By Kelly Wilton
I step into the hospital lift; the doors close behind me, and I sigh deeply. The tears well-up and are about to spill. I have exactly 8 floors before I need to compose myself. So, about 6 seconds.
The doors open, I take a deep breath and step forward into the busy hospital foyer, bringing myself back to the present. All my emotions that were bubbling up just seconds ago are yet again suppressed.
Moments before, I had kissed my son on his cheek and he was wheeled away into surgery for his second brain operation in two years. I ask myself ‘how is this happening again?’
This is often what it is like. As parents of children who live with chronic and complex conditions, we find ourselves in hospitals far too often – attending therapy, attending doctors appointments, seeing specialists. And for much of the time our feelings get pushed down. We suppress, suppress, suppress.
Until we can hold back no longer.
Until someone, or something, tips us over the edge.

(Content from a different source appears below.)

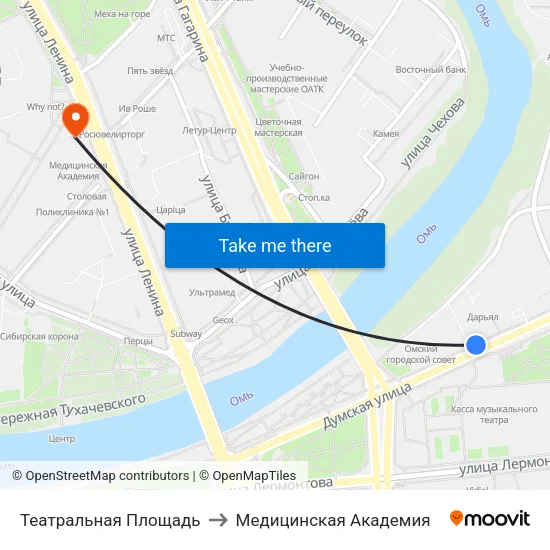 Театральная Площадь to Медицинская Академия map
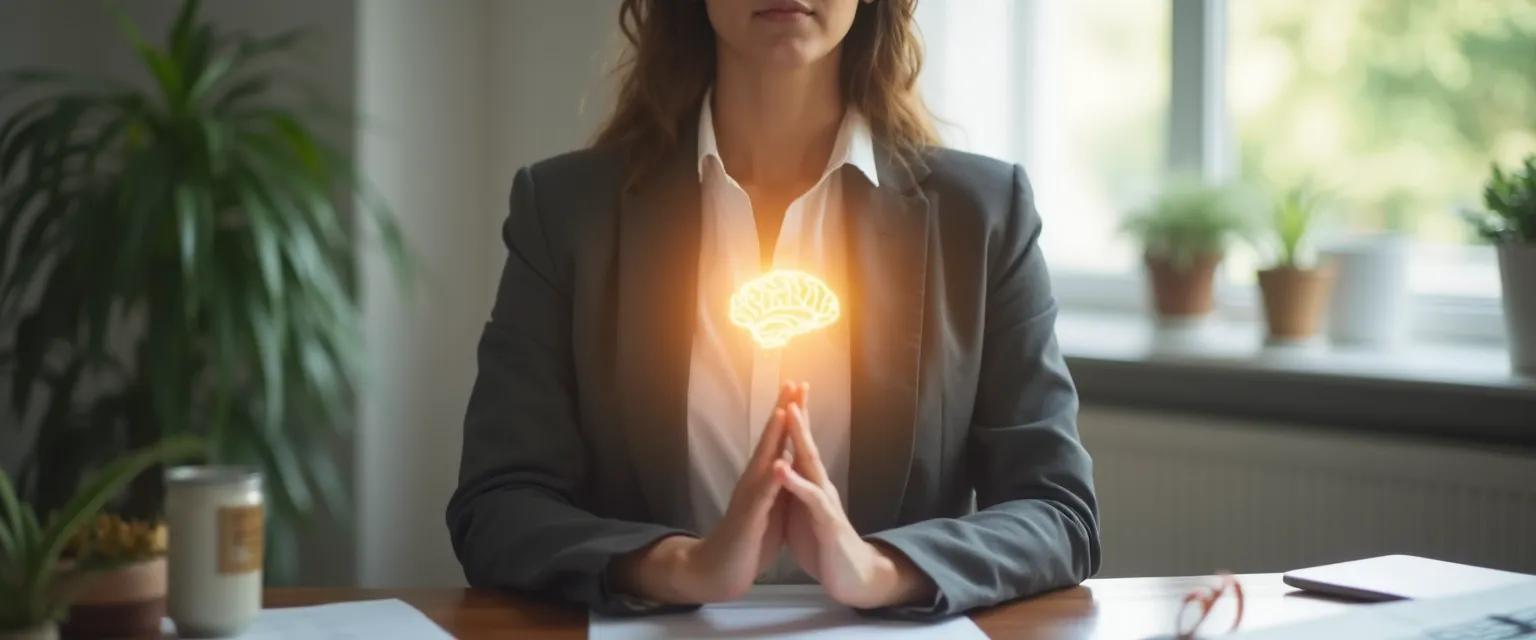 Professional practicing 5-minute emotional intelligence development exercise at desk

When this happens, whoever is closest at the time runs the risk of having to bear the wrath of a special needs parent who has hit her limit. And if we have a ‘show kindness’ motto, we may even apologise quickly, make our excuses and move on.
I feel like this often and I feel for family and friends who may not understand what I’m going through. How could they even come close? Unless you walk in our shoes, you just do not know.
But even if friends and family don’t understand, we still need strength and support from those around us if we are to continue our fight. Medical needs aside, the fight for services alone is enough to wear us down; services our children require to live their best life, and which they are sometimes not able to access due to a myriad of reasons.
I’ve started to think and now believe the following:
Instead of thinking my family is too much for some people, I now think that maybe those people aren’t enough for my family.
So break your circle if you need to, and rebuild it by making it smaller but stronger. Choose who has access to the extraordinary dynamics that make up your family and fill your life with people who will support you when times get tough.
We need to adjust and start focusing our energy and emotions in the right places or else we will burn out.
My family dynamic, and yours too, deserve something more.